Exercise objective:
Across the data below, how many lines have the word "subscribe" in them? Give the number and nothing else.

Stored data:
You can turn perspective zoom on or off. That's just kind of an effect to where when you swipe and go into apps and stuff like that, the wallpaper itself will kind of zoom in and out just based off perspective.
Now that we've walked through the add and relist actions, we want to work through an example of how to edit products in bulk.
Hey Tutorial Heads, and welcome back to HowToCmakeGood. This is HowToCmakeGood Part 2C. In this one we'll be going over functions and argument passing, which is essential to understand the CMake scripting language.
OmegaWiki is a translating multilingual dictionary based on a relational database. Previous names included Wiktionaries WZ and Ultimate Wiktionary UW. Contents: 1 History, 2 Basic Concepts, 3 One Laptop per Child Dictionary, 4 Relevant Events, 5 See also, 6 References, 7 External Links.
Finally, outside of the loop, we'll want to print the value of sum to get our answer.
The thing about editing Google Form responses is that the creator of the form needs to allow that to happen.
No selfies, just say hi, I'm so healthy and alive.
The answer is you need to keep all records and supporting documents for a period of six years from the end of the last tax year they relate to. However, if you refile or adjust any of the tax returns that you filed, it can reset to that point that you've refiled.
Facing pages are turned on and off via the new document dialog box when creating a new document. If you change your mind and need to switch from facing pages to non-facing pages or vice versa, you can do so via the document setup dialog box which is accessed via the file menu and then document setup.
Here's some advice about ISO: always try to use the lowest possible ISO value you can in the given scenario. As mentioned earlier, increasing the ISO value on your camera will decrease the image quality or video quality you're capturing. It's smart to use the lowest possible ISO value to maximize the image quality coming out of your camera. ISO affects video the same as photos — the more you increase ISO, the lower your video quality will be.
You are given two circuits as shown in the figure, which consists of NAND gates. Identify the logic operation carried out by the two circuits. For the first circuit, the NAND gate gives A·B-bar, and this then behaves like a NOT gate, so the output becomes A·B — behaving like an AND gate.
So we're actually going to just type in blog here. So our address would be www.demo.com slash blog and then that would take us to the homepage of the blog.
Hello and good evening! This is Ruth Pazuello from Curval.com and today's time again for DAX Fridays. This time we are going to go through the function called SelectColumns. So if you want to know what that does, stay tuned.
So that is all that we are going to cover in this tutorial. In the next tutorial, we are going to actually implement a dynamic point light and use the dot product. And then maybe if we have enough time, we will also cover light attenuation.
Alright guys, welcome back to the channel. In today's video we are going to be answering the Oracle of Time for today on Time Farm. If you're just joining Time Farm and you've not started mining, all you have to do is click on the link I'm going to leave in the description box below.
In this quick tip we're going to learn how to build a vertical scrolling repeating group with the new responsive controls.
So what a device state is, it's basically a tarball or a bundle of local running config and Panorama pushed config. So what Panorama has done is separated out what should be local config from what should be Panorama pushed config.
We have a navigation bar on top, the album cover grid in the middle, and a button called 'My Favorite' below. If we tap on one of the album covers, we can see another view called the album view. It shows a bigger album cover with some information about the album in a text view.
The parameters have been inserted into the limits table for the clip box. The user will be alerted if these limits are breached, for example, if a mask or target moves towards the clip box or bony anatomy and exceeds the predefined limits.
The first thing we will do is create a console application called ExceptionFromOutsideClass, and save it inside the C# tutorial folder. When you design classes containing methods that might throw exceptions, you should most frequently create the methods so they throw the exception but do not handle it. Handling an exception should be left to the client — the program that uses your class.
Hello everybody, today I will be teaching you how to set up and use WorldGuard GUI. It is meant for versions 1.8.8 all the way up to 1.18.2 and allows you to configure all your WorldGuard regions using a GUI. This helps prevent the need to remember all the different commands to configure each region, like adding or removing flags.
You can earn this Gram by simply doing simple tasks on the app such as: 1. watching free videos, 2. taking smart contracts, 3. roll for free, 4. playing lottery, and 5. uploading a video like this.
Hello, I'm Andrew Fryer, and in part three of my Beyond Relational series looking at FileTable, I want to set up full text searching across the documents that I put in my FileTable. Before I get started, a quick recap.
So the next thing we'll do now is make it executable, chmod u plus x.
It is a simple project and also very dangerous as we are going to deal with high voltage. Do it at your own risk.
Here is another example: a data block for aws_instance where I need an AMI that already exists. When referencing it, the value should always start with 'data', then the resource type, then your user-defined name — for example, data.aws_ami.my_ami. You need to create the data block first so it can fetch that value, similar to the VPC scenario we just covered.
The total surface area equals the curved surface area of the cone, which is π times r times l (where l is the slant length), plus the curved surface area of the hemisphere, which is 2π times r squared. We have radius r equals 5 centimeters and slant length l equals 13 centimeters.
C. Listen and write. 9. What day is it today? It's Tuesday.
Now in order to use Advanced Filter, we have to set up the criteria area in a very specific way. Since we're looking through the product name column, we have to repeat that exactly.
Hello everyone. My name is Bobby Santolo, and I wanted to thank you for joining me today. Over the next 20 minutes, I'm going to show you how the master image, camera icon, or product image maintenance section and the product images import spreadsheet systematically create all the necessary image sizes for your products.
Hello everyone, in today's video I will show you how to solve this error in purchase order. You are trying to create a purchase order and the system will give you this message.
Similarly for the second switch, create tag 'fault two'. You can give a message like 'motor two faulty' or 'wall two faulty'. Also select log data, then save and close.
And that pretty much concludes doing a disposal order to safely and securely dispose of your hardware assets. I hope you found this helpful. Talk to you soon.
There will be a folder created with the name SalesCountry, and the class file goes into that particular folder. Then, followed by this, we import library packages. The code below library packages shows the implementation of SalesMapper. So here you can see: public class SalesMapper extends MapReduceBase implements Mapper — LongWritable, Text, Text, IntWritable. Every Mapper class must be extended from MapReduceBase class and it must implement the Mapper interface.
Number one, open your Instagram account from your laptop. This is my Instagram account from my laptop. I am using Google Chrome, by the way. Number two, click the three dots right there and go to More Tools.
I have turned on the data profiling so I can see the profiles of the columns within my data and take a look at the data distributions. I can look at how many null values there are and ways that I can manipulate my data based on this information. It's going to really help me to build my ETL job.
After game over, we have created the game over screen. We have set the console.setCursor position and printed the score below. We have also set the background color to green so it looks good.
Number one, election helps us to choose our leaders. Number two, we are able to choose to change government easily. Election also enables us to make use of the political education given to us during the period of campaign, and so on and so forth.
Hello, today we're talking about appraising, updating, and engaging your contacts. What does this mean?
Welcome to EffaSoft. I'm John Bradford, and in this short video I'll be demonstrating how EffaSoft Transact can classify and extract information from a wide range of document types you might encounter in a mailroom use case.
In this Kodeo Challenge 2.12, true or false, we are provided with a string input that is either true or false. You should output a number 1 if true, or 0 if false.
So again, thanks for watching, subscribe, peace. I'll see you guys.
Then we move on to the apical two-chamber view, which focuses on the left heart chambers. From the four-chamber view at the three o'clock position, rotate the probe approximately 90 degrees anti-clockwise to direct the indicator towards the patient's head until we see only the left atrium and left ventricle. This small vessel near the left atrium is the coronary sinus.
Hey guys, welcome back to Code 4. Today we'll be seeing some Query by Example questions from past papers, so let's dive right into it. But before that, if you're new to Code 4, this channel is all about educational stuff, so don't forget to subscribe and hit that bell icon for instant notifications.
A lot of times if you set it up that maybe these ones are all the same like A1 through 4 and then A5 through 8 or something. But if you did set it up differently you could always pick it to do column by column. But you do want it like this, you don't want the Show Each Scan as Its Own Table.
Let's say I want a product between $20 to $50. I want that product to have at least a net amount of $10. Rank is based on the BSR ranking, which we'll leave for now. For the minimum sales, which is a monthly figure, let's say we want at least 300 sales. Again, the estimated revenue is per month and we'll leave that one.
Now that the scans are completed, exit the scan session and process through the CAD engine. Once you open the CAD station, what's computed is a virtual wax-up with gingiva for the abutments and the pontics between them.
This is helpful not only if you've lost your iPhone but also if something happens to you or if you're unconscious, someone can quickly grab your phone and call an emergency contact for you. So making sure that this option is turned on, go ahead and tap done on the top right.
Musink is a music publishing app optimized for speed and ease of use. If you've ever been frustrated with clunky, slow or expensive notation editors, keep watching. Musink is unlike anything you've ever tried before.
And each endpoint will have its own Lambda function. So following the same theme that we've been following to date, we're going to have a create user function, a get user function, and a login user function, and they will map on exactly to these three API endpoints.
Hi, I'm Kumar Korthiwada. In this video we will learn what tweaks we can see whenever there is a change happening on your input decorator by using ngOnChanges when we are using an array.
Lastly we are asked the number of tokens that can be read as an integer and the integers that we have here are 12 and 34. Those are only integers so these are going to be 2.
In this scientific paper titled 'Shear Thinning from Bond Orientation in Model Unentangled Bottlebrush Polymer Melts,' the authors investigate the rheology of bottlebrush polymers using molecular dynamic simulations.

Written response:
2